Action item.
What is needed is an exact copy of the listing, with no pictures in it.

Given material.
+-------+

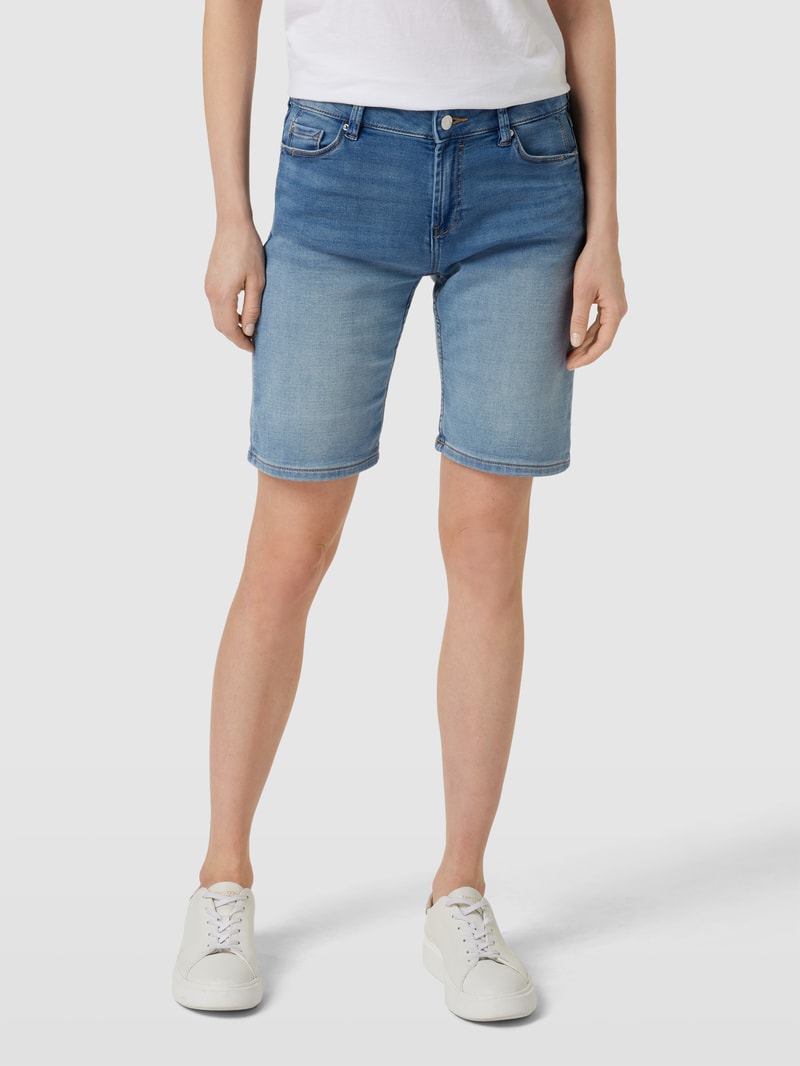 Jeansshorts mit Farbverlauf Modell 'Jogger' in blau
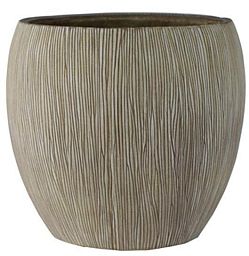 Composits Twist Pot Round Planter IN\OUT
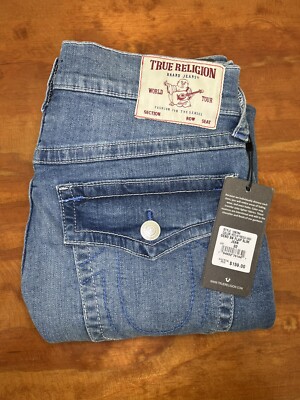 True Religion Geno SN Flap Relaxed Slim Mens Size 32 X 33 Jeans
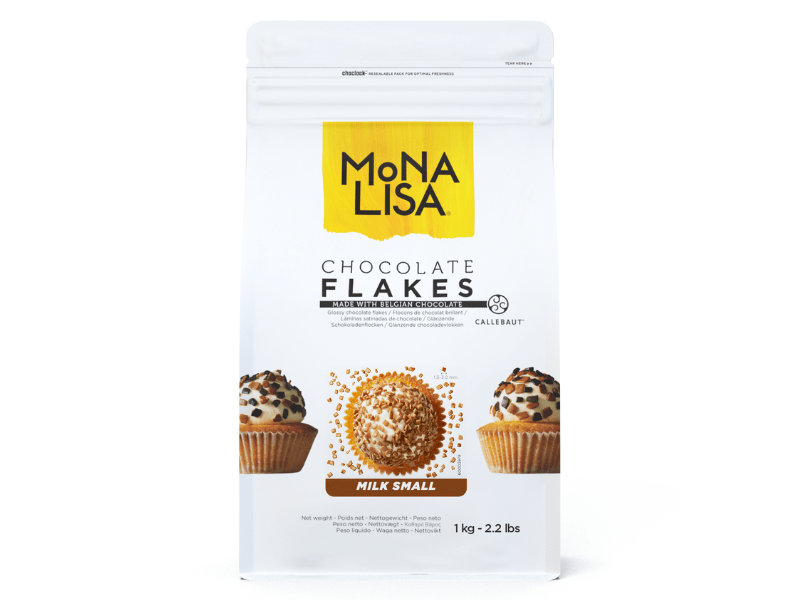 Flakes Mona Lisa Callebaut Chocolate ao Leite 4mm 1kg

+-------+

Response.
 Jeansshorts mit Farbverlauf Modell 'Jogger' in blau
 Composits Twist Pot Round Planter IN\OUT
 True Religion Geno SN Flap Relaxed Slim Mens Size 32 X 33 Jeans
 Flakes Mona Lisa Callebaut Chocolate ao Leite 4mm 1kg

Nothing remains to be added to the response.